(Beginning of Data provided)

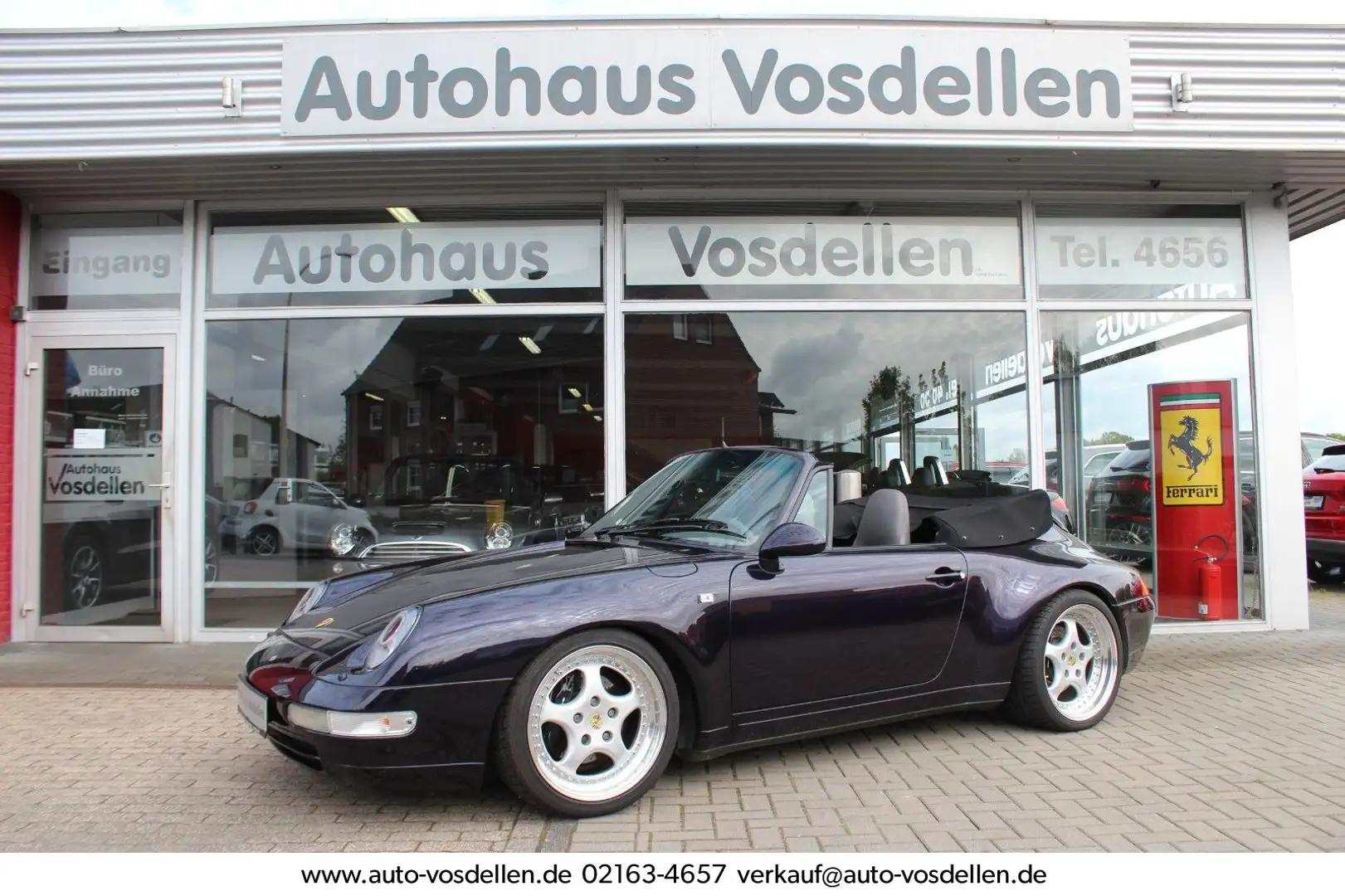 Porsche 993 911 Carrera Cabrio 18 Zoll Klima Top Zustand Violett - 1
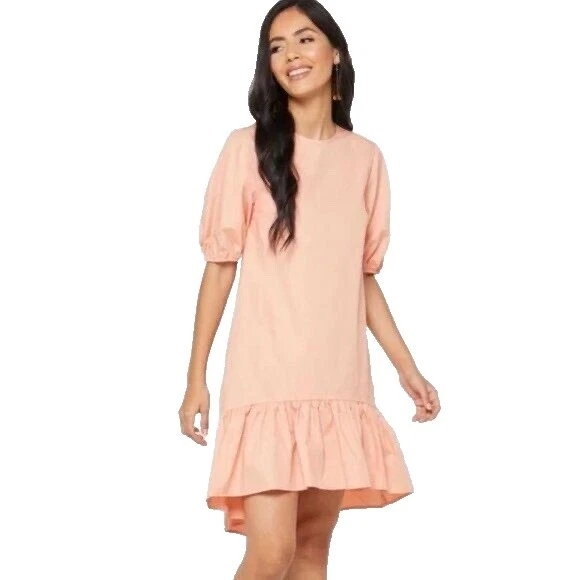 Vestidos Topshop Algodão Casual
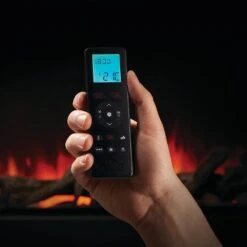 Napoleon Astound 50-in Linear Electric Fireplace -electric fireplace Store Napoleon Astound Series Linear Electric Fireplace Detail Remote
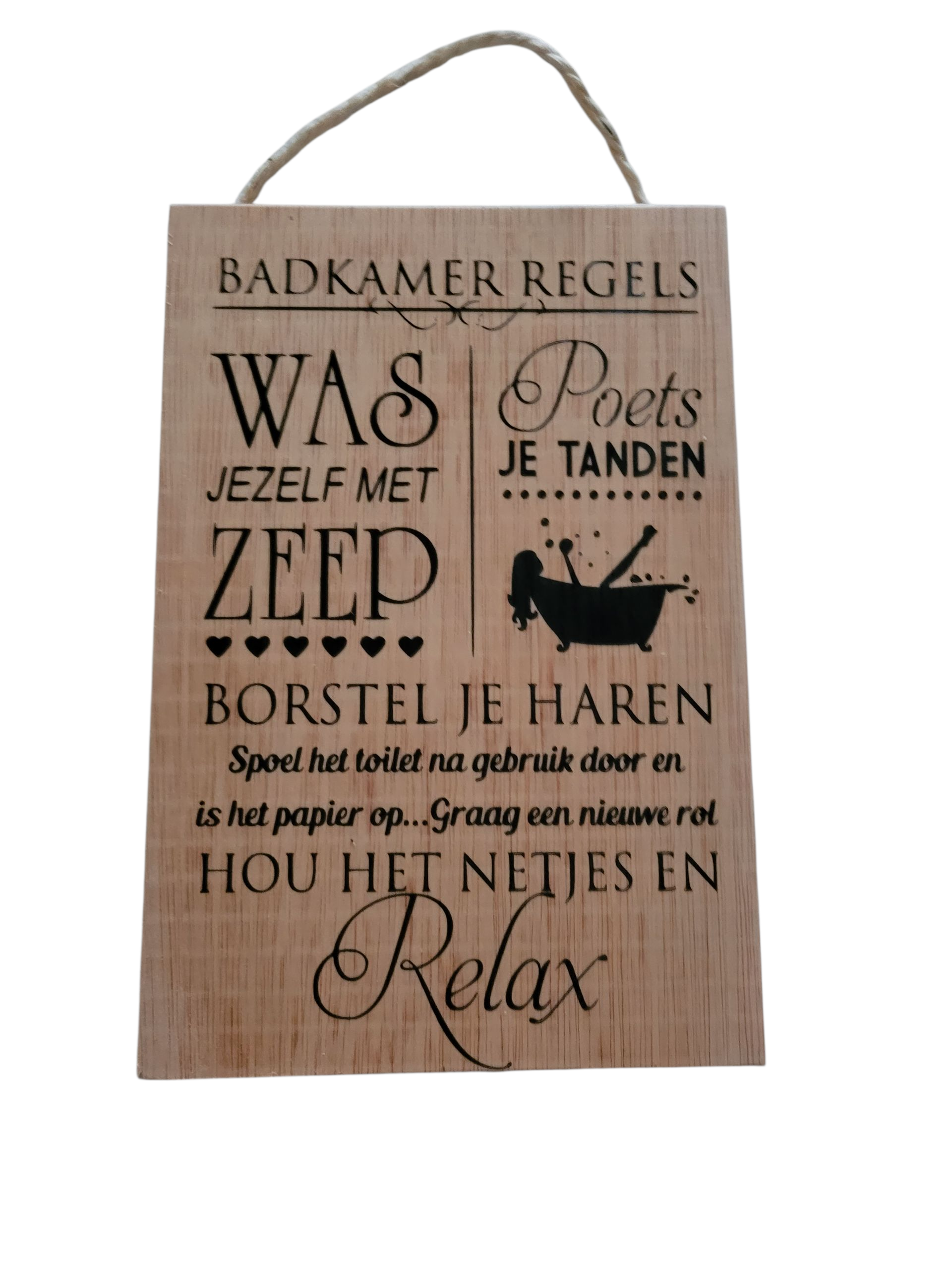 Badkamerregels
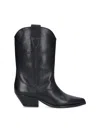 Isabel Marant 60mm Luliette Leather Ankle Boots In Black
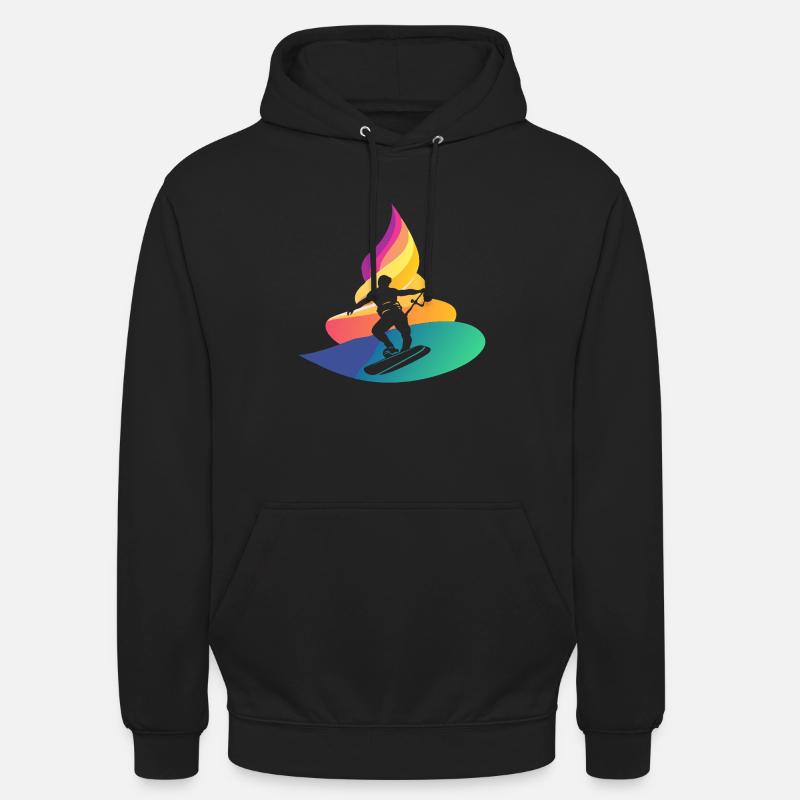Wakeboarder Wakeboard - Sweat-shirt à capuche unisexe - noir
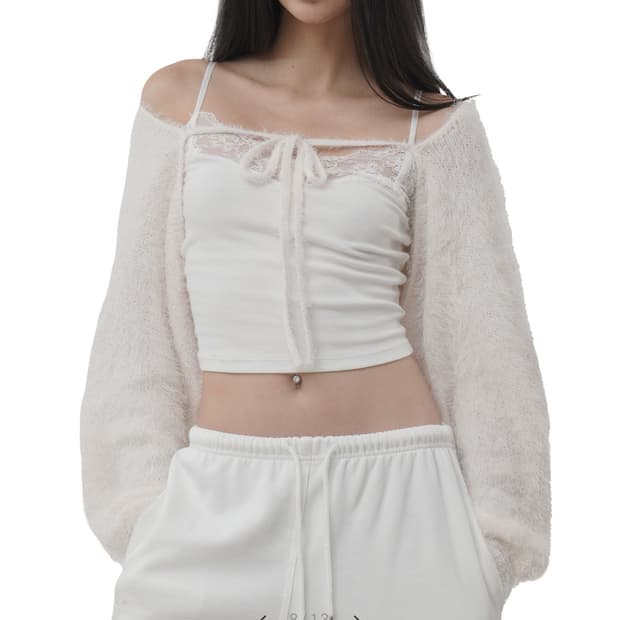 클리시어 Sorbet fluffy bolero 볼레로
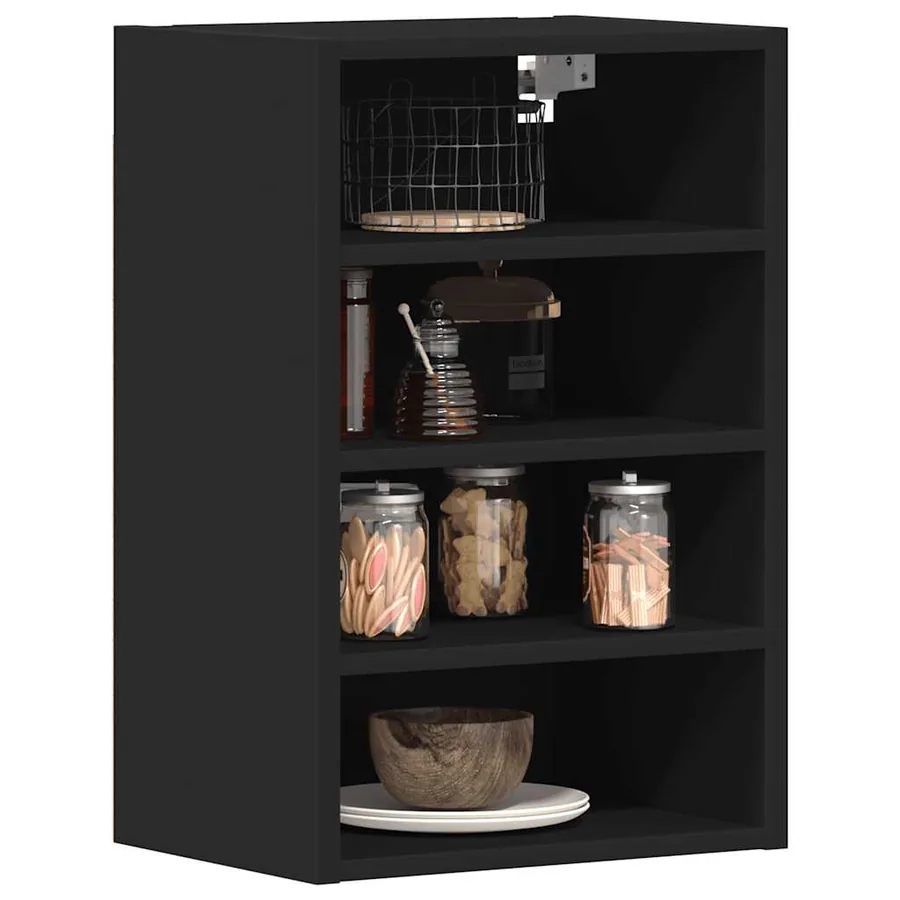 Armoire suspendue "Riga" Noir 40 x 29,5 x 60 cm Bois d'ingénierie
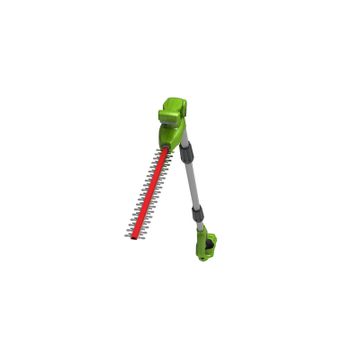 Greenworks Akumulatorowe Nożyce do żywopłotu na wysięgniku 51 cm 24V (2300707)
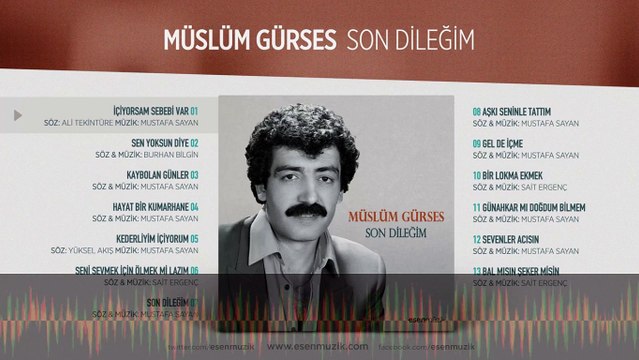 İçiyorsam Sebebi Var (Müslüm Gürses) Official Audio #içiyorsamsebebivar #müslümgürses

(End of Data provided)

Your task
Using the data above, give again exactly the lines starting at the one holding "Napoleon Astound 50-in" and ending at the one holding "Greenworks Akumulatorowe Nożyce", inclusive, and nothing more. Omit the pictures.

Response
 Napoleon Astound 50-in Linear Electric Fireplace -electric fireplace Store Napoleon Astound Series Linear Electric Fireplace Detail Remote
 Badkamerregels
 Isabel Marant 60mm Luliette Leather Ankle Boots In Black
Wakeboarder Wakeboard - Sweat-shirt à capuche unisexe - noir
 클리시어 Sorbet fluffy bolero 볼레로
 Armoire suspendue "Riga" Noir 40 x 29,5 x 60 cm Bois d'ingénierie
 Greenworks Akumulatorowe Nożyce do żywopłotu na wysięgniku 51 cm 24V (2300707)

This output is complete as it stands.